Instructions on how to download the dataset can be found in the repository jet-universe/particle_transformer.

Installation

The recommended (and by us tested) way of running the code is to use the provided docker image at jobirk/omnijet on DockerHub. The requirements listed in docker/requirements.txt are installed in the conda environment base of the base image (official pytorch image). Thus, you have to make sure that the conda environment is activated when running the code, which can be done with source /opt/conda/bin/activate.

An interactive session inside a container can be started by running the following command:

# on a machine with Singularity
singularity shell docker://jobirk/omnijet:latest  # start a shell in the container
source /opt/conda/bin/activate  # activate the conda environment in the container
#
# on a machine with Docker
docker run -it --rm jobirk/omnijet:latest bash  # start a shell in the container
source /opt/conda/bin/activate  # activate the conda environment in the container

Alternatively, you can install the requirements from the docker/requirements.txt file, but you'll have to add pytorch to the list of requirements, since this is not included in the requirements.txt file (we use the official pytorch image as base image).

Furthermore, you'll have to add/create a .env file in the root of the project with the following content:

JETCLASS_DIR="<path to the jetclass dataset i.e. where the train_100M, val_5M, .. folders are>"
JETCLASS_DIR_TOKENIZED="<path to where you want to save the tokenized jetclass dataset>"

# stuff for hydra
LOG_DIR="<path to log dir>"
COMET_API_TOKEN="<your comet api token>"
HYDRA_FULL_ERROR=1

Tokenization

To play around with the already-trained VQ-VAE model, you can download the checkpoint (see checkpoints/README.md for instructions) and then have a look at the notebook examples/notebooks/example_tokenize_and_reconstruct_jets.ipynb.

You can run the training of the VQ-VAE model by running the following command:

python gabbro/train.py experiment=example_experiment_tokenization

You can then evaluate a tokenization model by running the following command:

python scripts/evaluate_tokenization_ckpt.py --n_eval=100000 --ckpt_path=<path to the checkpoint>

The result of the evaluation will appear in a subfolder of the run directory.
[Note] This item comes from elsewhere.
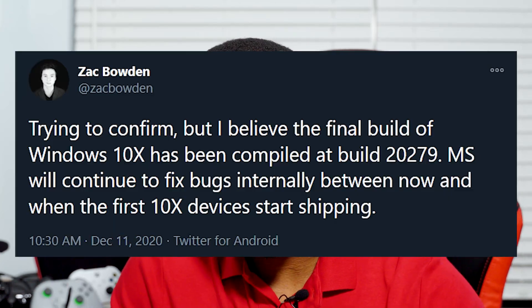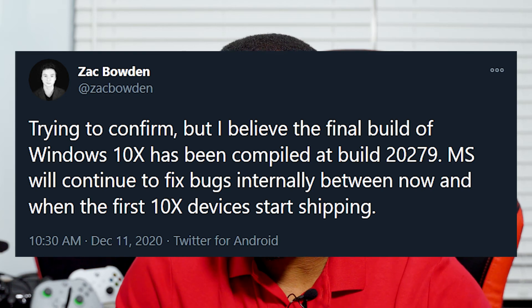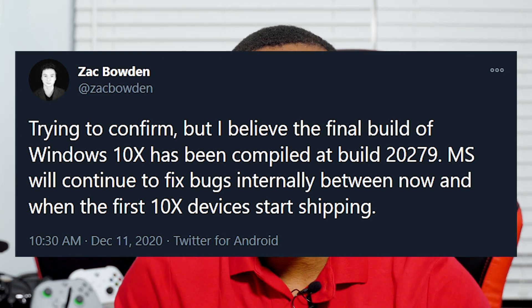On December 11, we got a rumor from Zach Bowden of Windows Central that the final build of Windows 10X had been compiled. Back in the day, we used to call that RTM. It is a rumor — it hasn't been confirmed yet. But if it's true, that means that x64-bit support on ARM arrives as well with build 21277. All that together could work pretty well.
To create the tokenized dataset, you can run the following command:

python scripts/create_tokenized_dataset.py --ckpt_path=<path to the checkpoint> --n_files_train=100 --n_files_val=5 --n_files_test=5

Make sure to adjust the --n_files_* arguments to your needs, and set the env variable JETCLASS_DIR and JETCLASS_DIR_TOKENIZED in the .env file.

Afterwards, the tokenized dataset will be saved in a subdirectory of the JETCLASS_DIR_TOKENIZED directory and can be used to train the backbone model.

Generative training

To play around with the already-trained generative model, you can download the checkpoint (see checkpoints/README.md for instructions) and then have a look at the notebook examples/notebooks/example_generate_jets.ipynb.

If you want to run a generative training, you first have to create the tokenized dataset (see above). Note that you have to make sure that the checkpoint of the tokenizer is saved/copied to that directory as model_ckpt.ckpt and the training config as config.yaml (this is necessary since the gen. training will look for those files to reconstruct tokens back to physical space).

You can then run the training of the generative model by running the following command:

python gabbro/train.py experiment=example_experiment_generative

Transfer learning / Classifier training

You can run the training of the classifier model by running the following command:

python gabbro/train.py experiment=example_experiment_classification

You can then evaluate a classifier model by running the following command:

python scripts/evaluate_classication_ckpt.py --ckpt_path=<path to the checkpoint>

Citation

If you use this code in your research, please cite our paper:

@article{Birk:2024knn,
    author = "Birk, Joschka and Hallin, Anna and Kasieczka, Gregor",
    title = "{OmniJet-$\alpha$: The first cross-task foundation model for particle physics}",
    eprint = "2403.05618",
    archivePrefix = "arXiv",
    primaryClass = "hep-ph",
    month = "3",
    year = "2024"
}